For reference, here are the CMS2018 times for each of the actions: it's dominated by the along-step kernel.

esseivaju commented 1 year ago

Initial profiling of along_step_uniform_msc_kernel

Version control

Test problem: cms2018 +field +msc Celeritas version: 7c3f5f72ec4a5afbf184f69b5c5da51e10233af8 Dependencies: geant4@11.0.3, vecgeom@1.2.1 Compilers: gcc 11.2.0, nvcc 11.8.89 Platform: Perlmutter compute node; AMD EPYC 7763 / NVIDIA A100 (sm_80)

GPU throughput

The kernel is memory bound, however, both compute and memory throughput are low, reaching ~10% compute throughput and 6% memory throughput at best.

Occupancy

The kernel has a low occupancy, limited by the # of registers/thread of 255. With a block size of 256, we have 1 resident block per SM, or 8 warps which is 12.5% of the # threads / SM for this GPU; ~38 waves for a grid size of 4096.

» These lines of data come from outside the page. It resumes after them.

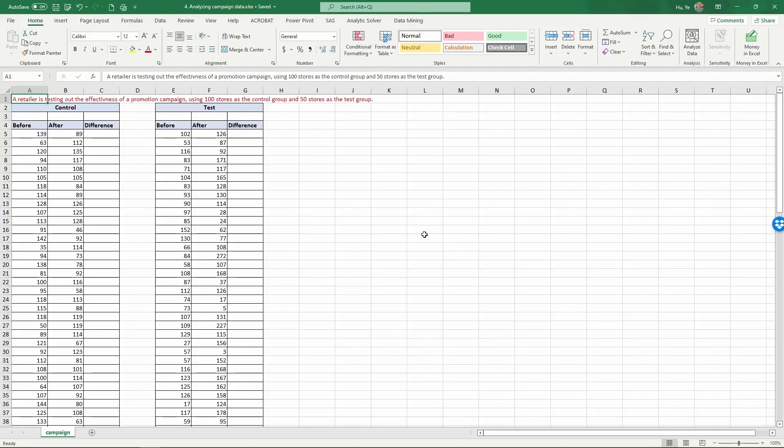In this example, we're going to examine how to estimate experimental data with test and control groups and before and after conditions. A retailer is testing out the effectiveness of a promotion campaign using 100 stores as the control group and 50 stores as the test group.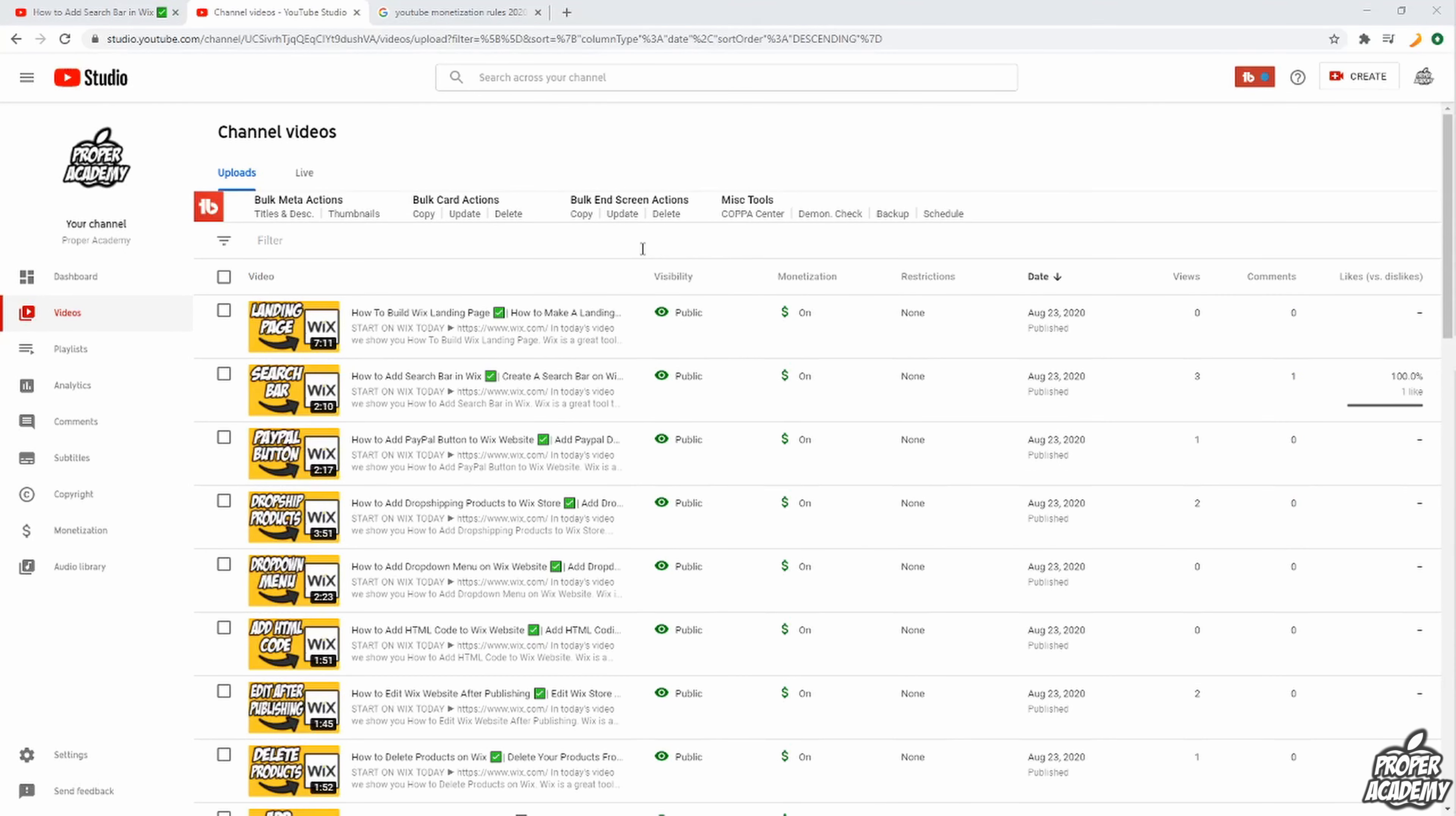But yeah anyways I hope I was able to help you guys out with at least explaining a little bit about how to get monetized in 2020. There used to be just like a views kind of rule where I think it was like 10,000 views, but that's obviously changed and it could change again in the future. But as it is today you just need the 1,000 subscribers and the 4,000 watch hours.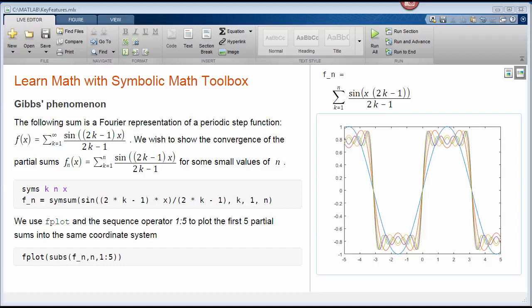Symbolic Math Toolbox provides an easy, intuitive, and complete environment to interactively learn and apply algebra, calculus, and ordinary differential equations.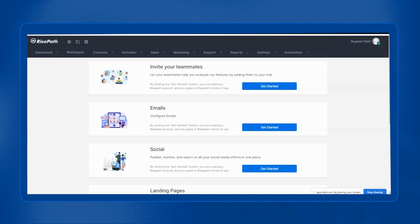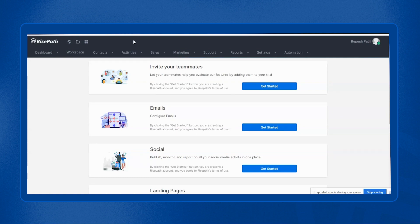In the previous video, I showed you how you can manage all your business opportunities at one place with the help of Rice Part CRM sales tools deals section. In this video, I will show you how you can keep track of all your deals at one place, which is the Rice Part deals dashboard. So now let's begin.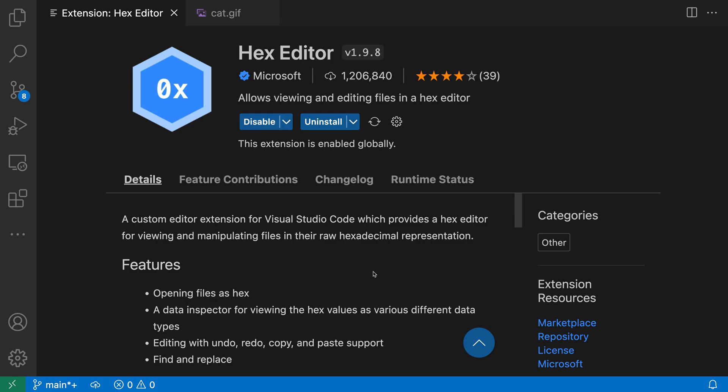The hex editor extension for VS Code includes a data inspector that lets you view bytes in different formats. You can use this to view the bytes as signed or unsigned integers of various lengths, as floating point values, or even as string characters. Let's take a look at this feature.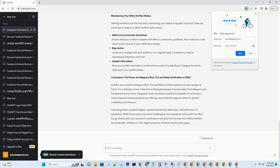To start your journey toward the Instagram Bluetick, ensure your account meets the following criteria. Authenticity is key — the essence of Instagram verification is to ensure authenticity. Your account should represent a real person, business, or entity. Ensure your profile is complete with a clear profile picture, a bio that accurately describes you or your brand, and posts that reflect your identity.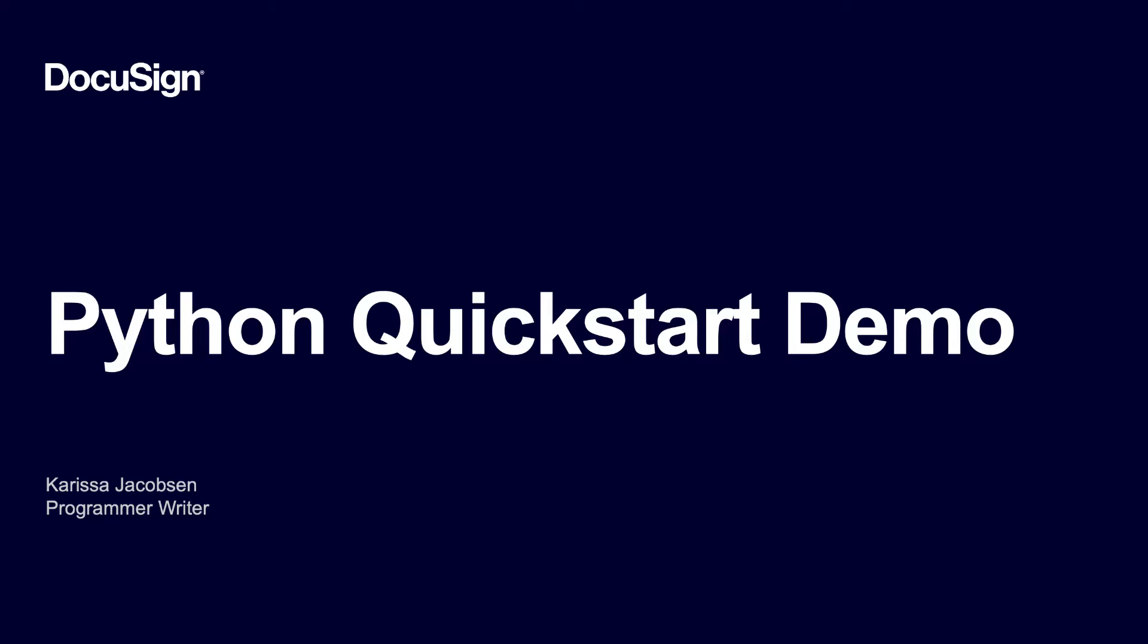Welcome to Developing with DocuSign. I'm Carissa Jacobson, a member of the Developer Center team. In this screencast, I'll walk through installing and running the Python Quickstart on a Mac and the embedded signing code example.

Trying to limit the number or register using __launch_bounds__() it will fail to compile, listing the following vecgeom functions as registers pressure points:

//requires 139 regs
vecgeom::cuda::VSafetyEstimatorHelper<vecgeom::cuda::BVHSafetyEstimator>::ComputeSafety(vecgeom::cuda::Vector3D<double> const&, vecgeom::cuda::NavStateIndex const&) const

//requires 157 regs
vecgeom::cuda::CommonUnplacedVolumeImplHelper<vecgeom::cuda::PolyconeImplementation<vecgeom::cuda::ConeTypes::UniversalCone>, vecgeom::cuda::UnplacedPolycone>::DistanceToOut(vecgeom::cuda::Vector3D<double> const&, vecgeom::cuda::Vector3D<double> const&, double) const

//requires 163 regs
vecgeom::cuda::CommonUnplacedVolumeImplHelper<vecgeom::cuda::PolyconeImplementation<vecgeom::cuda::ConeTypes::UniversalCone>, vecgeom::cuda::UnplacedPolycone>::DistanceToIn(vecgeom::cuda::Vector3D<double> const&, vecgeom::cuda::Vector3D<double> const&, double) const

//requires 164 regs
vecgeom::cuda::CommonUnplacedVolumeImplHelper<vecgeom::cuda::PolyhedronImplementation<(EInnerRadii)0, (EPhiCutout)0>, vecgeom::cuda::VUnplacedVolume>::DistanceToOut(vecgeom::cuda::Vector3D<double> const&, vecgeom::cuda::Vector3D<double> const&, double) const

//requires 220 regs
vecgeom::cuda::CommonUnplacedVolumeImplHelper<vecgeom::cuda::PolyhedronImplementation<(EInnerRadii)0, (EPhiCutout)0>, vecgeom::cuda::VUnplacedVolume>::SafetyToOut(vecgeom::cuda::Vector3D<double> const&) const

// requires 254 regs
vecgeom::cuda::CommonUnplacedVolumeImplHelper<vecgeom::cuda::GenTrapImplementation, vecgeom::cuda::VUnplacedVolume>::DistanceToOut(const vecgeom::cuda::Vector3D<double> &, const vecgeom::cuda::Vector3D<double> &, double) const 

Warp state & scheduler utilization

With 8 warps/SM, we have 2 warps/scheduler. Regardless of whether we're at the start, middle or end of the simulation, scheduler issues on average one instruction every 10 cycles, 90% of the cycles we have no eligible warps.

image

One reason is the low occupancy. Another is that load balancing is a challenge is MC Simulation and some threads will finish earlier than others leading to less active warps. Masking threads assigned to dead tracks also contributes to load imbalance. Warp state highlights some potential challenges:

Early on in the simulation, threads are mostly waiting on memory transfer. With an average of 20 cycles/instructions, 12 are stalled waiting on a memory operation. Cache hit rate for L1/L2 is ~60% / 40%, respectively. Thread divergence is also an issue, even early one in the simulation when most tracks are still alive; we have on average ~20 active threads per instruction.

image

Later in the simulation, cache hit rate improves, ~85%/96% for L1/L2. It makes sense since less threads are active, resulting in less data in cache. Thread divergence deteriorates, we drop to ~3 active threads per warp; early thread completion for dead tracks is probably the main reason for it. With still ~17 cycles/instruction on average, warps are now spending half their time, ~9 cycles waiting for the next instruction to be fetched.

image
sethrj commented 1 year ago

@esseivaju This is excellent! It's a little surprising to me that the GenTrap implementation is the long pole in the tent: digging in a little bit, it's likely due to SecondOrderSurfaceShell<4>::ComputeSminSmax which seems to have 24 local doubles in addition to the 8 doubles called by SecondOrderSurfaceShell<4>::DistanceToOut. Perhaps the VecGeom team can comment on that Monday...

If it's just the geometry that's slow, we might be able to break the along-step kernel into three kernels, of which only the middle interacts with the geometry.

Great work with these initial results, and we'll resume with https://github.com/celeritas-project/celeritas/issues/675 .